To conclude, the process of building a fully autonomous vehicle that will be able to make ethical decisions is one of the sharpest issues that are currently limiting the development of artificial intelligence and self-driving cars in particular. The personal interests of the drivers are not currently taken into consideration. Moreover, the existing algorithms have trouble sticking to the moral values of humanity. The researchers believe that driverless cars may be able to reflect the emotions in the future. One of the most popular assumptions is that the shift from personal cars to complex transportation schemes will positively affect the safety of the road users. The problem with driverless cars is that even if we achieve transparency, we will be influenced by legal liabilities and moral dilemmas.

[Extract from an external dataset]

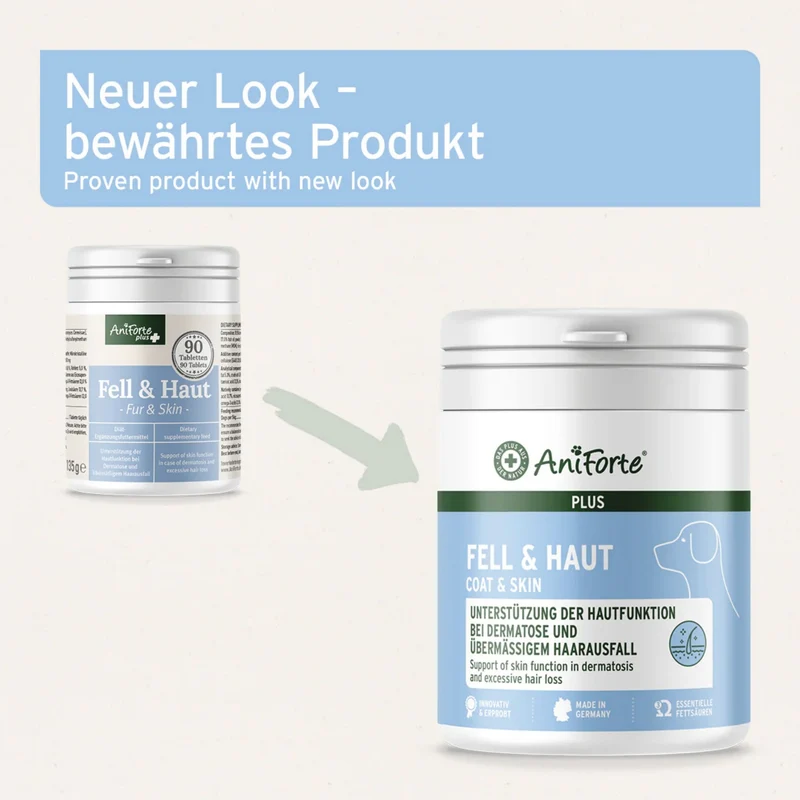 AniForte PLUS Fell & Haut Tabletten für Hunde – Natürliche Unterstützung für glänzendes Fell, gesunde Haut und weniger Juckreiz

Carr, N. (2016). The glass cage: Where automation is taking us. London, UK: Vintage Books.
Gingrich, N., & Worthington, R. (2013). Breakout: Pioneers of the future, prison guards of the past, and the epic battle that will decide America’s fate. Washington, DC: Regnery Publishing.
Marsico, K. (2016). Self-driving Cars. Paradise, CA: Paw Prints.
Neckermann, L. (2015). The mobility revolution: Zero emissions, zero accidents, zero ownership. Leicester, UK: Matador Business.
Nikowitz, M. (2015). Fully autonomous vehicles: Visions of the future or still reality? Berlin, DE: GmbH.